Using the definition of integration $\int_a^b f(t)dt = sup\{\int_{- \infty}^{\infty} g(t)dt$ where g is a step function supported on [a,b], $g(x) \le f(x) \forall x \in [a,b] \}$ (f continuous on [a,b] )

show that for $\lambda \ge 0, \int_a^b \lambda f(t)dt = \lambda \int_a^b f(t)dt$ .

I would really appreciate any help with this. It's easy to show that if lambda is 0 you get the result but I am having trouble proving the rest.
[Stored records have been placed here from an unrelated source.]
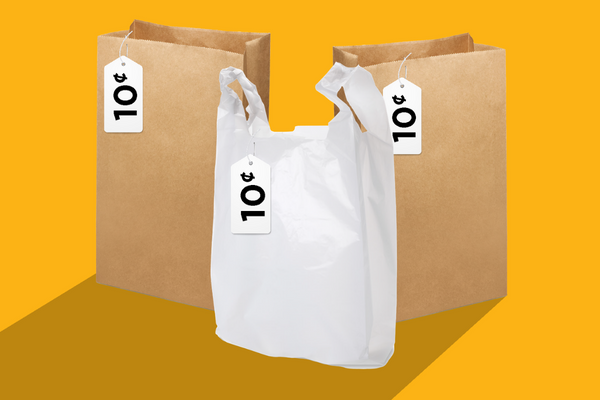 one plastic carryout bag and two paper carryout bags with ten cent tags on them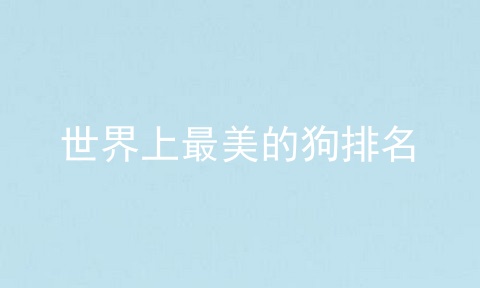 世界上最美的狗排名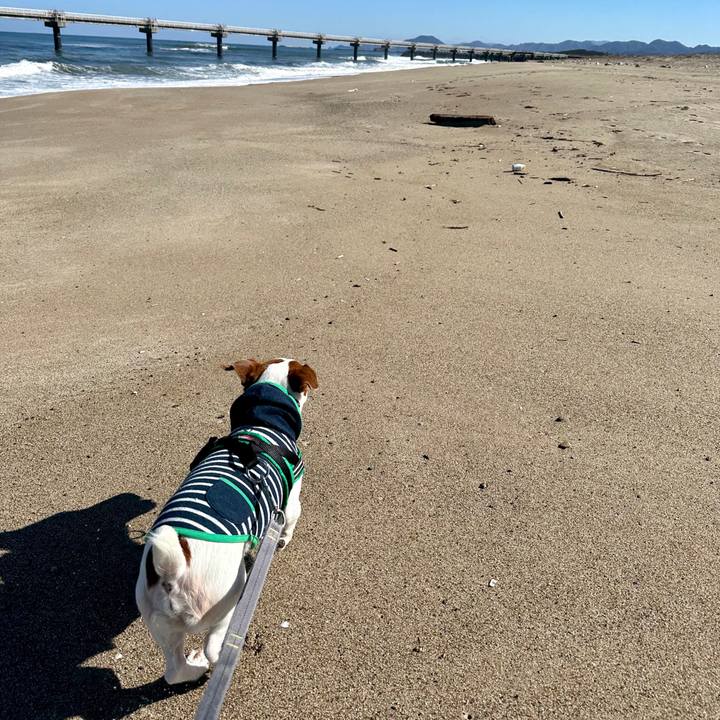 De4df1e4 5839 43bb b786 4bd199ed350f 1709205549174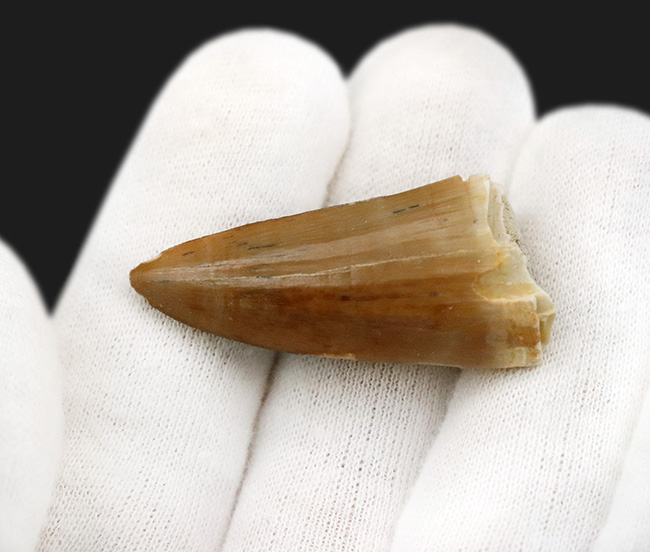 ジェムのような保存状態を維持した、極めて美しい、モササウルス（Mosasaurus）の歯化石（その5）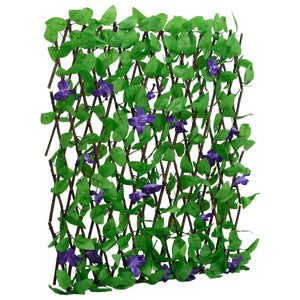 Efeu Rankgitter 180x70cm, 5er Set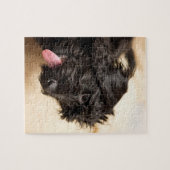 Labraoodle black jigsaw puzzle (Horizontal)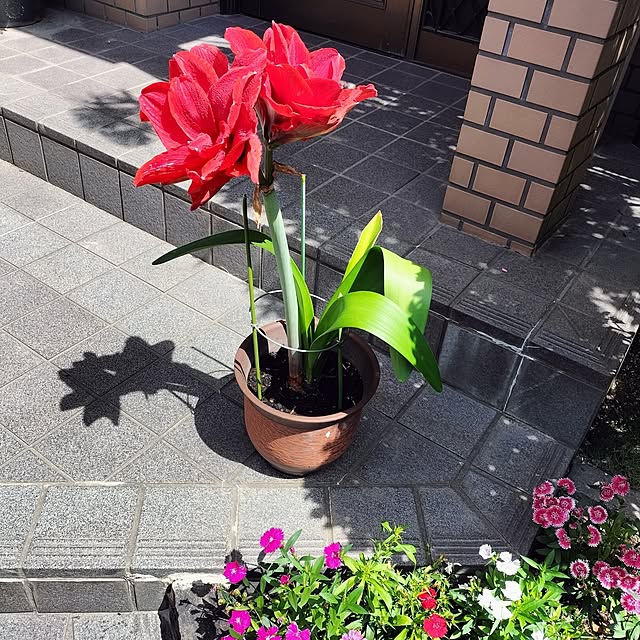 ajisaiさんの実例写真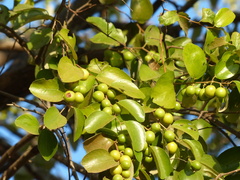Ziziphus mauritiana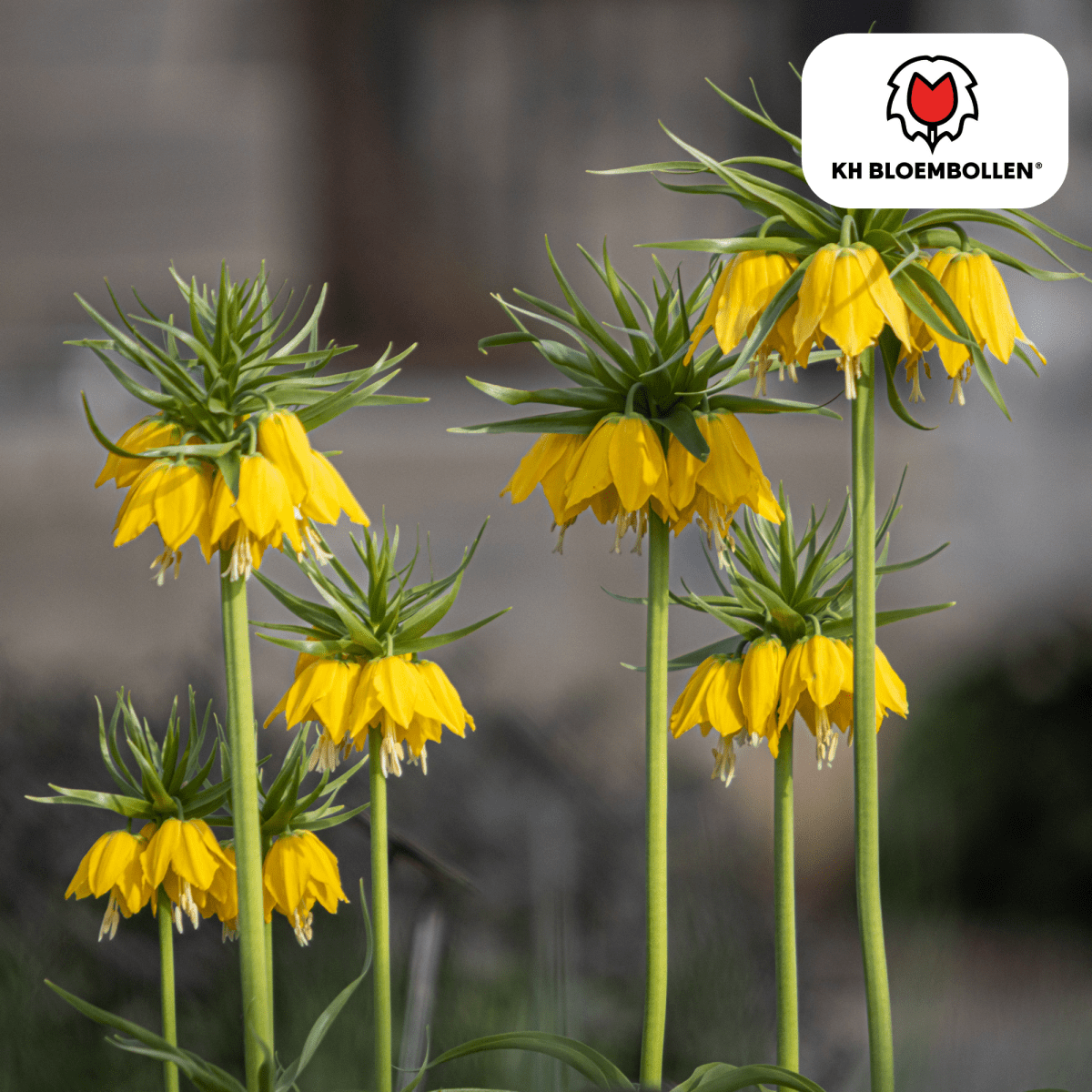 Fritillaria Lutea – 5 Stück | Gelbe Kaiserkrone für deinen Garten - Wurzelwerk Design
I just get tangled up in algebra, though I think I am trying to prove sup A = $\lambda$ sup B, where A = $\{\int_{- \infty}^{\infty} g(t)dt$ where g is a step function supported on [a,b], $g(x) \le \lambda f(x) \forall x \in [a,b] \}$ and B = $\{\int_{- \infty}^{\infty} g(t)dt$ where g is a step function supported on [a,b], $g(x) \le f(x) \forall x \in [a,b] \}$ Thank you very much.

**HallsofIvy** · Dec 13th 2009, 05:44 AM

$sup\{\lambda F(x)\}= \lambda sup\{ F(x)\}$

(and, of course, $\int \lambda F(x)dx= \lambda \int F(x)dx$ )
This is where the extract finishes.